A sizable herd of Jersey milk cows were milked by hand twice a day. Beef, pigs, chickens and turkeys were raised for meat. Significant time in the summer months was consumed raising the garden, canning and preserving food to get through the winter months.
She lived in the era of self-sufficiency except for the staples.
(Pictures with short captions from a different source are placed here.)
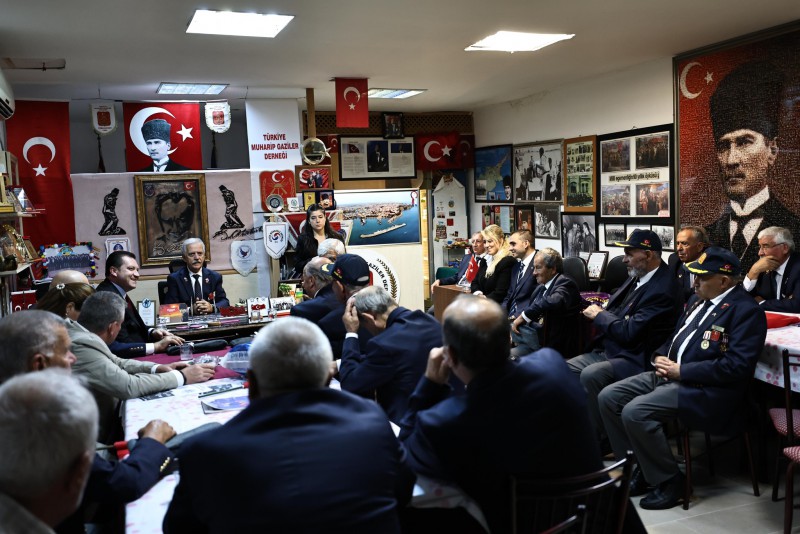 Silivri Belediye Başkanı Bora Balcıoğlu, Gaziler Günü’nde Türkiye Muharip Gaziler Derneği Silivri Şubesi’ni Ziyaret Etti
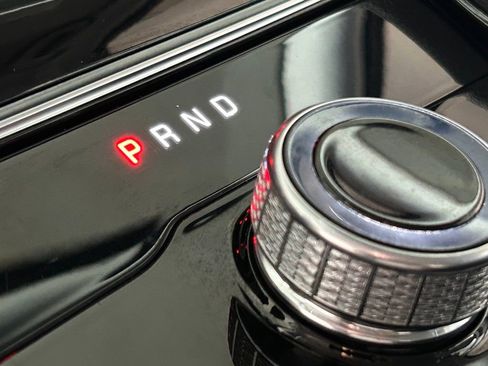 Used 2023 Jeep Grand Cherokee Limited image 52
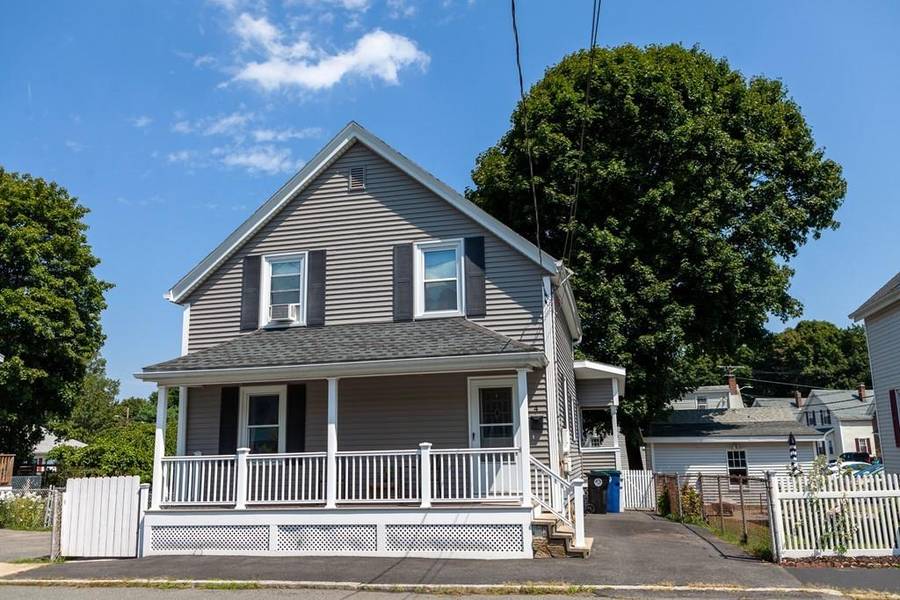 4 Shillaber Street, Salem, MA 01970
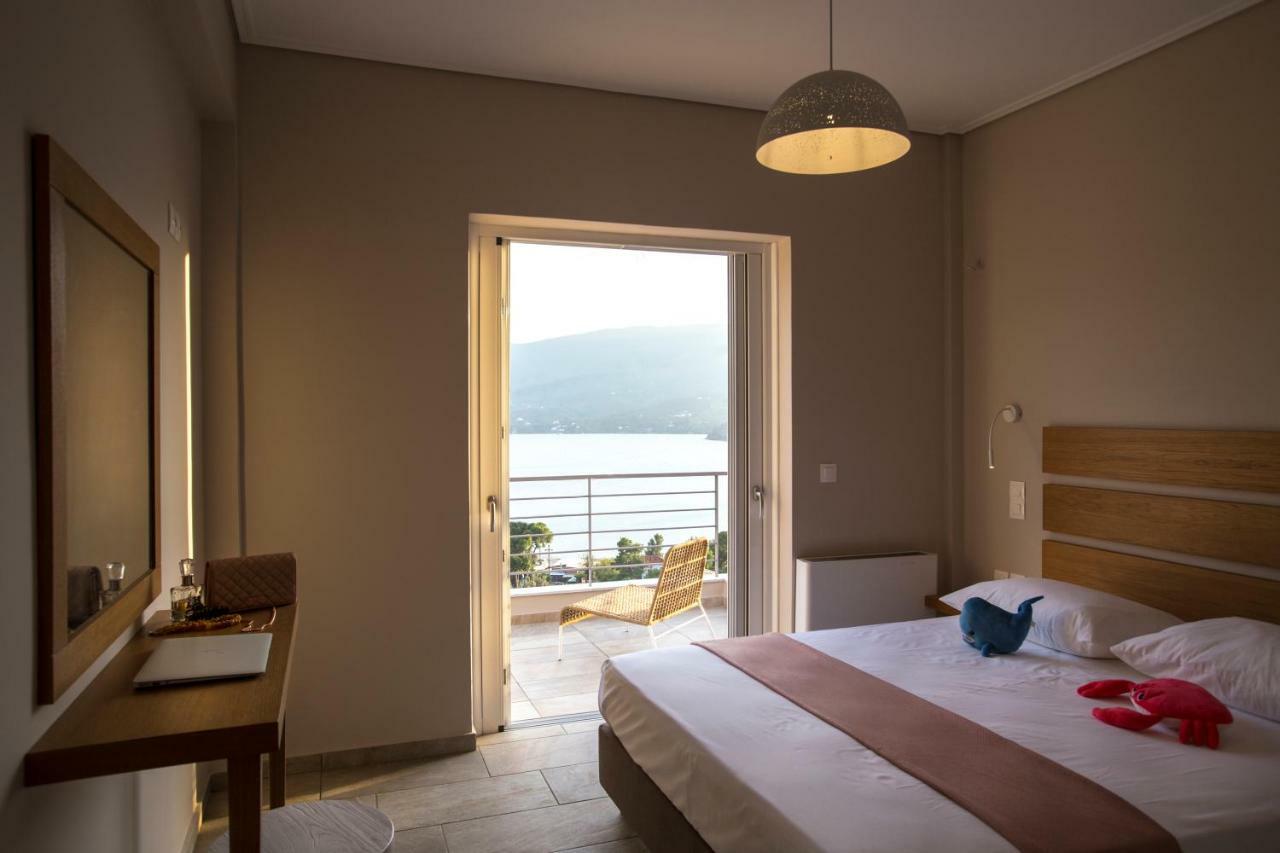Kalavria Luxury Suites - Magnificent Sea View Of Poros Poros Town Zewnętrze zdjęcie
She witnessed the agricultural revolution and the progression to the age of electricity, the telephone, steam-powered tractors, the first gasoline and diesel tractors, Model A’s and Model T’s for transportation to present day large GPS-steered equipment with which one can do as much farming in a half-hour as what once took a long day with horses.
She loved rural living here in Eastern Oregon and enjoyed the mountains, lakes, camping and hiking. One of her favorite pastimes was picking huckleberries and then preparing the delightsome desserts from those efforts.
In later days she enjoyed several trips across the United States with her husband. They attended many 820th engineer reunions of World War II vets with whom Billy served.
A highlight was when they were able to host a reunion at the family ranch at Muddy Creek. They participated in local VFW and Auxiliary activities.
She was preceded in death by her parents; and her husband, Billy, who died on Sept. 11, 2007.
Survivors include her son, Deryl Leggett, and his wife, Carolyn; daughter, Janine Wilson; and son, Billy L. Leggett, and his wife, Bonnie; five grandchildren, Wayne Wilson and his wife, Tracy, Wendy Labrousse and her husband, Ken, Angela Kolilis and her husband, Dan, Anthony Leggett and his wife, Kara, and Andrew Leggett; 10 great-grandchildren, Rose and William Labrousse, McKenzie, Madysen, Brigham and Annastasia Leggett, Lucas and Ayla Kolilis and Conner and Bryce Wilson; her sister-in-law, Catharine Ott; and numerous cousins, nieces, nephews and their families.
Memorial contributions may be made to the Muddy Creek Mutual Improvement Club, Eastern Oregon Museum in Haines, or the Haines Parent-Teacher Organization (PTO) through Coles Tribute Center, 1950 Place Street, Baker City, OR 97814.